3 thoughts on “How Would Health Reform Affect Insurance Premiums?”

  1. Can someone clarify that the 2016 percentage changes are over what would have been in 2016 without the bill?

    If so, what is the expected rate of change between now and 2016? The same types of increases that have been common would seem to be expected.

    And after 2016, what will the rate of year over year change be?

    Finally, is the cost decrease for individual and small group a function of increased efficiency or Federal subsidy?

    1. Hi Underwriterguy — Yes, percentage changes are relative to what CBO predicts the average premiums would be without the bill. And the “price of insurance” reduction is because of increased efficiency; CBO handles the subsidies separately. Not sure on your other questions. Best, –Donald

  2. The 7%-10% admin savings was interesting, especially since the CBO in their 9/22 letter to Baucus had scored a similar bill as only achieving 4-5%, after similar taxes and fees levied on insurance companies were netted against it. What is different in this bill to warrant that change?

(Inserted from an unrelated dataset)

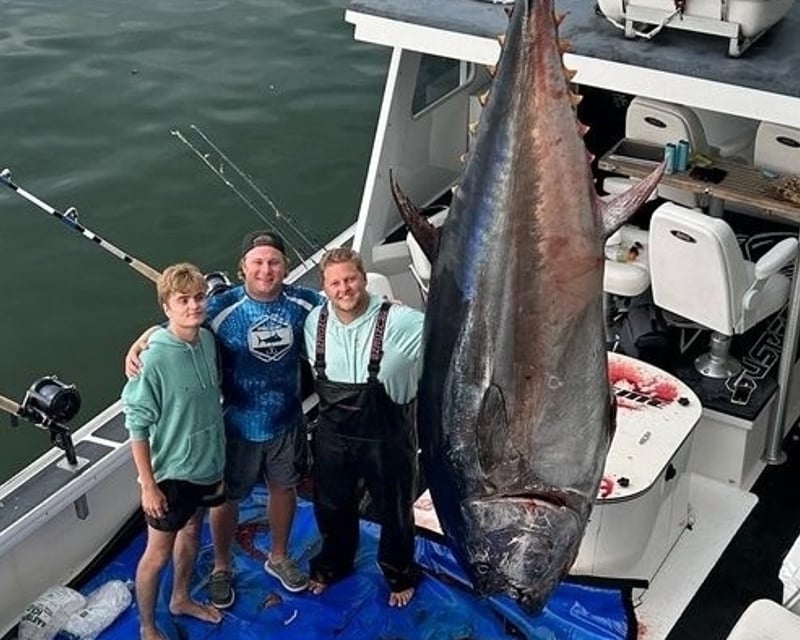 Private Full-Day Bluefin Tuna Fishing Charter in Quincy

    I would also point out that the CBO believes that the premium *rates* would be lower in the large group market; they didn’t tell us what the total premiums would be for an average employer. The total healthcare burden for large employers might be higher, since those employers who continue to offer coverage will have more “healthy” employees and dependents covered due to the mandate. The CBO also suggests that the high-risk employees of large firms may go to the Exchange, lowering large-group premiums (and presumably increasing Exchange premiums, although that is directly evident). It’s not clear from the CBO write-up whether the average employer’s total burden goes up or down, only that the per-employee and per-family rates may go down slightly.

    Another question: why does the non-group, non-Exchange enrollment remain steady or even increase in their model between 2016-2019? You can’t issue new grandfathered plans, and people will terminate coverages periodically.

    UW guy — If you use the 2009 AHIP individual survey as your benchmark ($2,985/$6328 for individual/family coverage), their implied rate increases are over 9% for seven consecutive years ($5,500/$13,100). I suspect that may overstate the trend they have in the model for either before or after 2016, but that sort of very basic information would be good to know.

    More importantly, it is my understanding that the CBO model for non-group premium is not reflective of the regulatory environments in the various states (see their 10/31/07 technical documentation paper). Therefore, the impact will vary widely across the country. The “your mileage may vary” caveat mentioned by Marron is more than an academic caveat.